◆ **Task inputs**
● ● ● ●

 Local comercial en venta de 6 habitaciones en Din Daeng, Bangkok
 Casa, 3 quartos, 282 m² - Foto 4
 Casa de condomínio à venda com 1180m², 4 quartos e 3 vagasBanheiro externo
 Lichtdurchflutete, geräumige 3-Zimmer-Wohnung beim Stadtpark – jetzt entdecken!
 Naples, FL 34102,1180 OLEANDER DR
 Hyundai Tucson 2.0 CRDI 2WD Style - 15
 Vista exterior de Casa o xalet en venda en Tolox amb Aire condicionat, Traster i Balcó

● ● ● ●

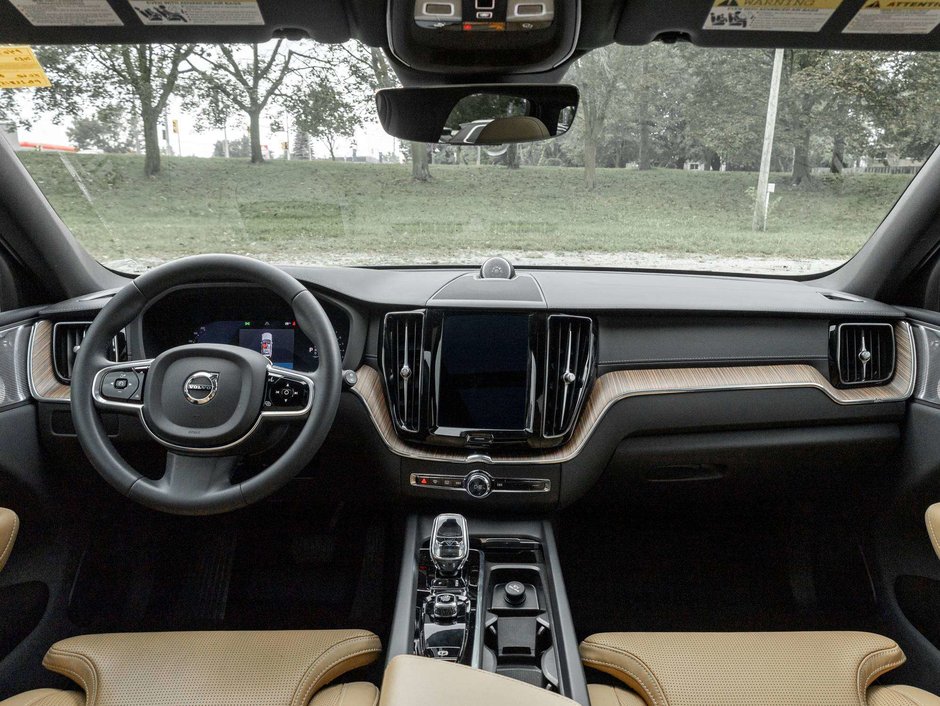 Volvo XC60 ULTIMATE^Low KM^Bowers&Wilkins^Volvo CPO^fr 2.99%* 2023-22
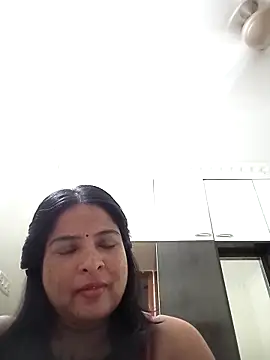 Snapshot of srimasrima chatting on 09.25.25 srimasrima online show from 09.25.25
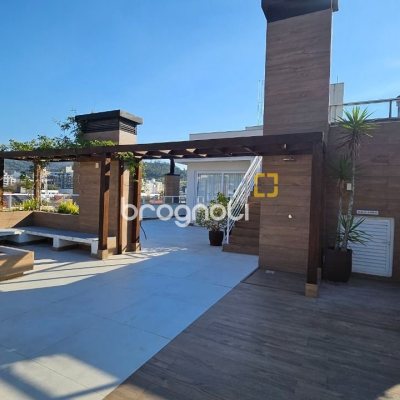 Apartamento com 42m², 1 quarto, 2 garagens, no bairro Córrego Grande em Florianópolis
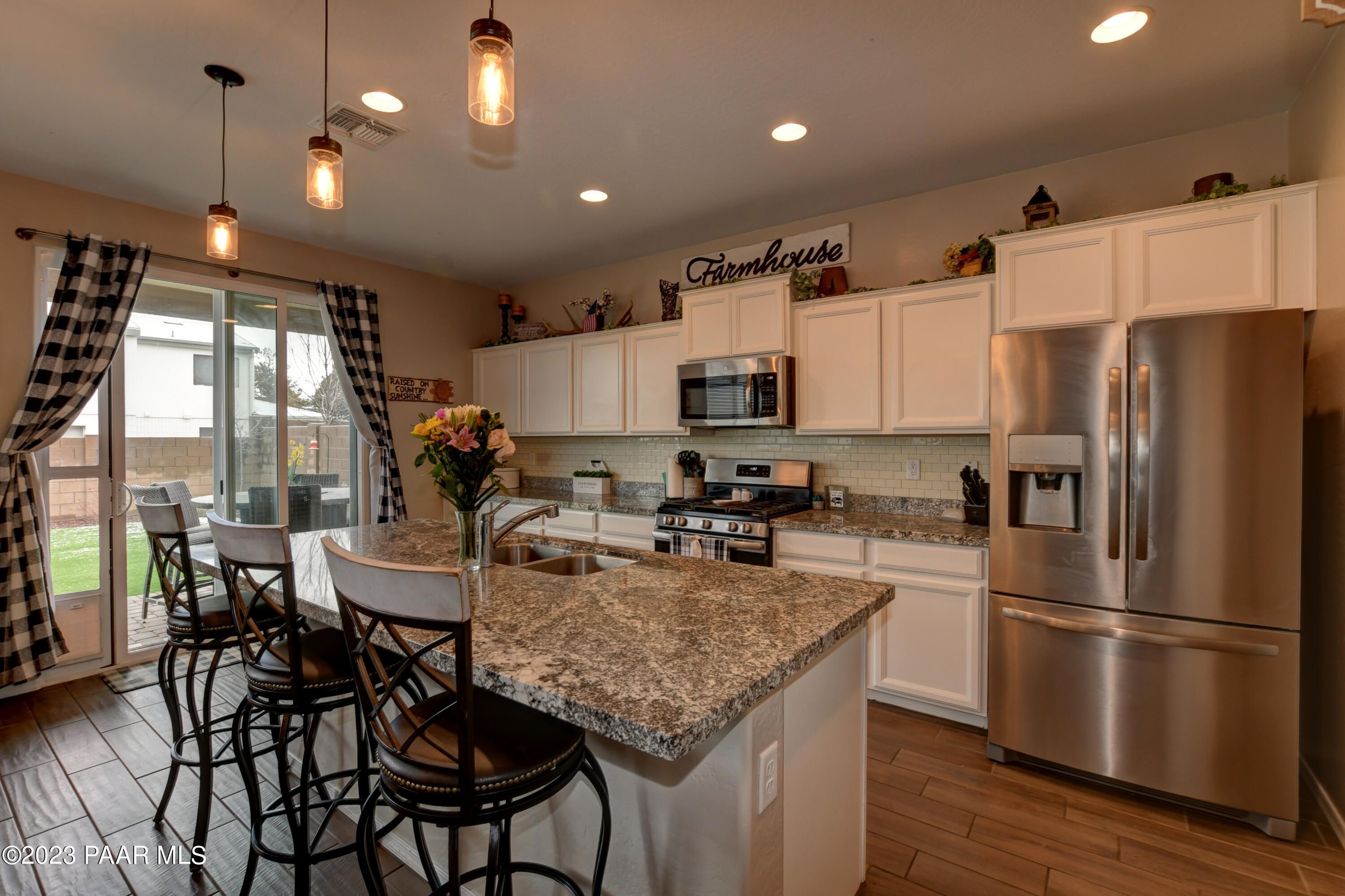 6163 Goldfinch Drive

● ● ● ●

◆ **What you will do**
Taking every line of the records above into account, tally those that contain "venda" and give only the total.

◆ **Result of this exercise**
2